As I consciously try to see all the Oscar-contending films
before the nominations so I can complain about how wrong the
Academy got it this year, Focus Features released “21
Grams” right around Thanksgiving. One of the more depressing
movies to be released this year, “21 Grams” is pretty
much the antithesis of a holiday movie. And something tells me
“The Cat in the Hat” won’t get too many
nominations.
It doesn’t get any better around Christmas. “Cold
Mountain” and “House of Sand and Fog,” both
scheduled for release on Dec. 26, are generating Oscar buzz, but
one is a Civil War epic, and one is basically a Greek tragedy. When
it comes to my post-Christmas activities, I’m guessing
I’ll be sitting on the couch with a copy of the
“Pirates of the Caribbean: The Curse of the Black
Pearl” DVD.
The practice of releasing downer movies in the festive holiday
season is unfortunately not a new one. Last year, both “The
Hours” and “The Pianist” were releases on Dec.

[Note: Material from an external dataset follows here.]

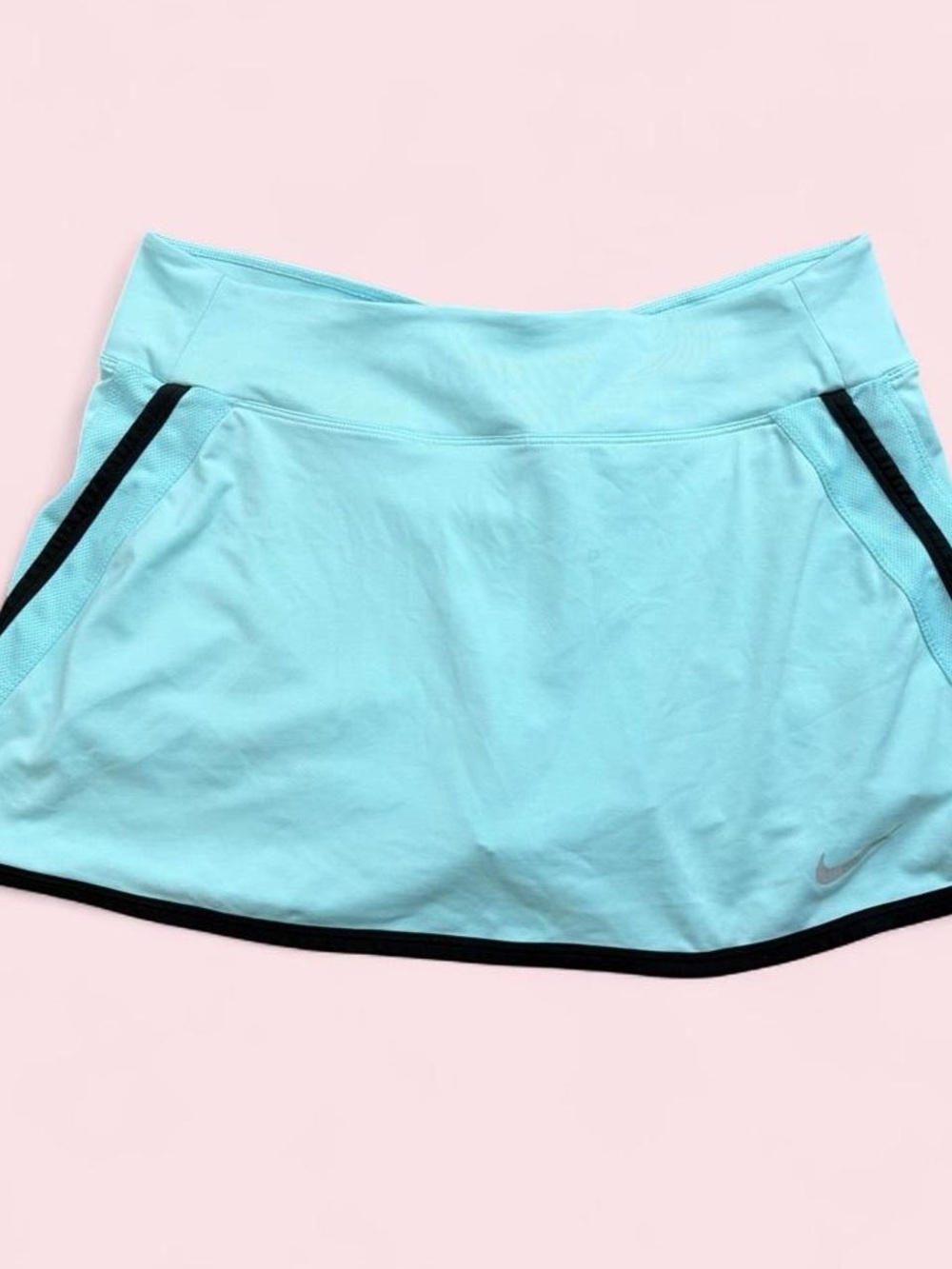 Nike Light Blue Mini Skirt with Black Trim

27, and the year before “In the Bedroom” premiered
close to Thanksgiving in New York and Los Angeles on Nov. 23, and
had a limited release on Christmas Day itself. All three films
mentioned in this paragraph were nominated for Best Picture.

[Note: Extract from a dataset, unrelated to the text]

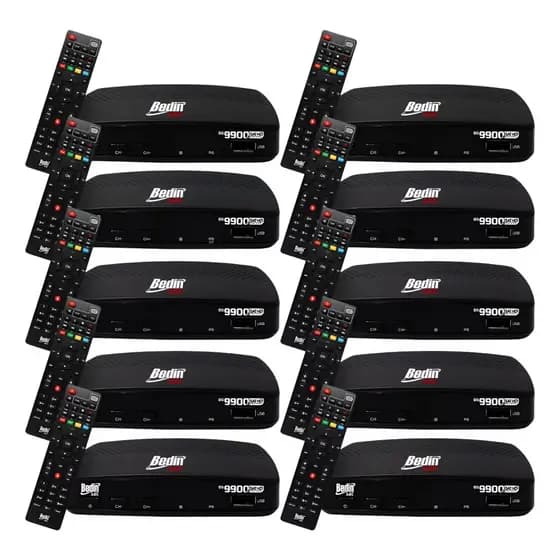 Kit 10 Receptores Full Hd Bs9900 S Bedin Sat 127 220v Atacado Orginal Garantia Sem Mensalidade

Is the studio secret to get a sad movie a Best Picture
nomination simply setting a release date close to a happy
holiday?
Not exactly. Because of the much written-about shortened Academy
season, studios attempt to release their potentially Oscar-worthy
movies as close to the Dec. 31 deadline as possible. Since the
movies the studios deem Oscar-worthy tend to be dramas,
there’s a bottleneck of them released during the most
wonderful time of the year. To go even further, with the recent ban
on Academy screening DVDs (to protect from Internet piracy), you
can probably expect big heavy dramas’ release dates to get
pushed back even closer to the deadline.
The situation brings out exactly what’s wrong with the
Oscar nomination system. Not that there’s a particularly good
time to release a movie like “The Pianist,” but
balanced out more evenly over the course of a year would make it
easier to watch a bunch of movies with similar depressing tones
than it is to watch them all in a few weeks. The line of thought is
that Academy voters won’t remember a film if it’s
released too early, which certainly doesn’t speak very highly
of the mental capacities of the people we allow to tell us the
single best movie of the year.
But it’s not all the Academy’s fault. Some of the
blame has to go to the studios and the public for pre-determining
which kinds of films are Oscar-worthy. We tend to put drama on such
a high pedestal that we ignore everything else. Other than
“Chicago” last year and “Shakespeare in
Love” in 1999, the last comedy to win Best Picture was
“Annie Hall” in 1978, and neither “Chicago”
nor “Annie Hall” are really full-blown comedies.
Ultimately it’s just a rotten system that doesn’t
have any remedy in sight, unless it’s all just a big form of
reverse-psychology. As I think about it and get grumpy,
“House of Sand and Fog” is ready to capitalize.